The real showstopper, however, is the six-minute-long video Spiderman (2015), in which Bradford assumes the role of a black stand-up comedian, riffing on Eddie Murphy’s 1983 comedy Delirious—except the artist’s image is absent. Rather, his disembodied voice can be heard sending up various facets of African American culture in flamboyant vernacular. A red spotlight signals the presence of an invisible performer in front of a black screen on which his words roll out in text form, synchronized, like the subtitles in a karaoke set. The words bounce in staccato, dance, and fade according to Bradford’s rhythms and intonations. “It’s every single person I’ve ever seen in the hair salon. This history, this oral history and comedy,” he says. “You can use comedy to talk about social issues. Because I grew up in a hair salon, I was always in charge of telling the stories. I was Marco Polo, I traveled all over the world and brought the stories back. So I learned how to tell stories.”

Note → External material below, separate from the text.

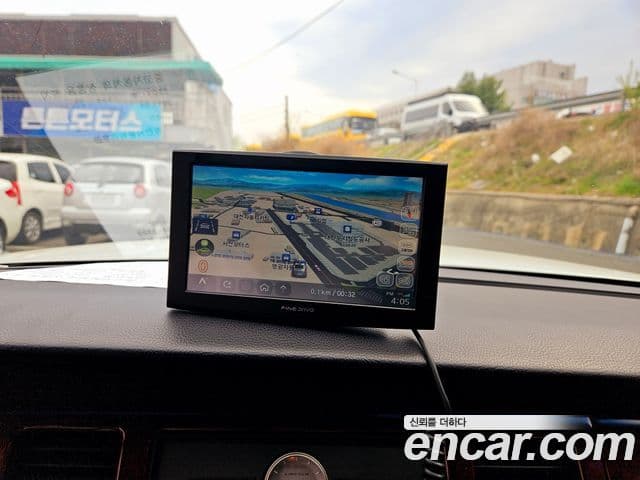 Lincoln 타운카 4.6L V8, 2003 11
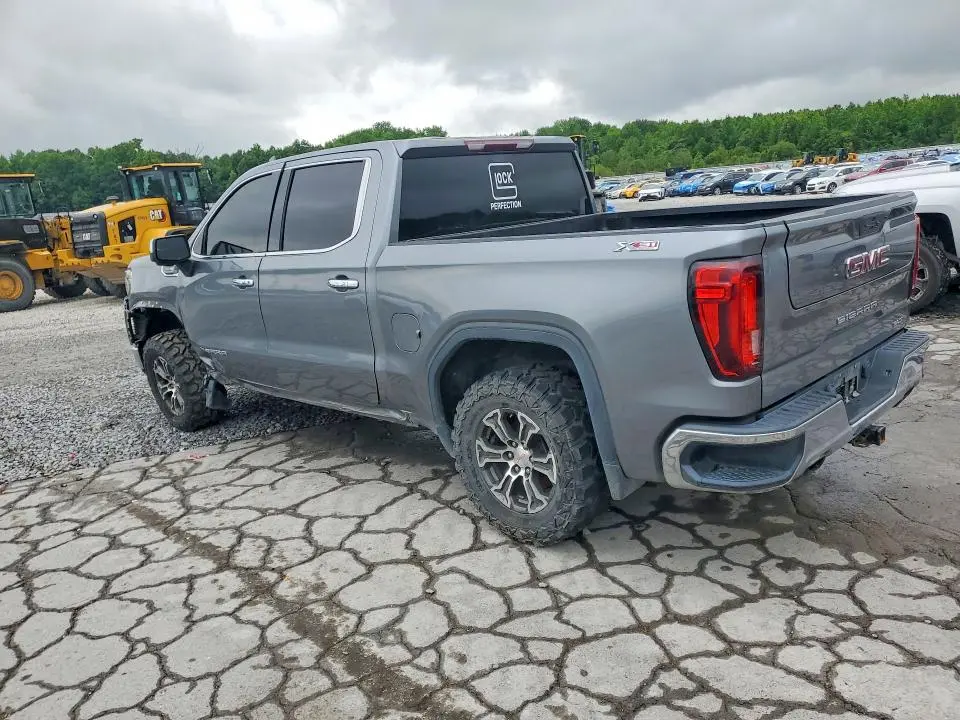 2021 GMC SIERRA K1500 SLT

Traces—of a performance, a process, a memory, a roller disco, or a body—are at the center of Bradford’s concerns as an artist and at the heart of his impulse toward abstraction. “When it comes to the big topics like race, I’m a shadow person,” he explains to a crowd at the preview. “I stand back and I move things around. I think that’s the only way that I can play with and understand these big, heavy subjects. I play with them in the shadows.”
“Be Strong, Boquan” is on view at Hauser & Wirth, New York, Nov. 7th–Dec. 23rd, 2015.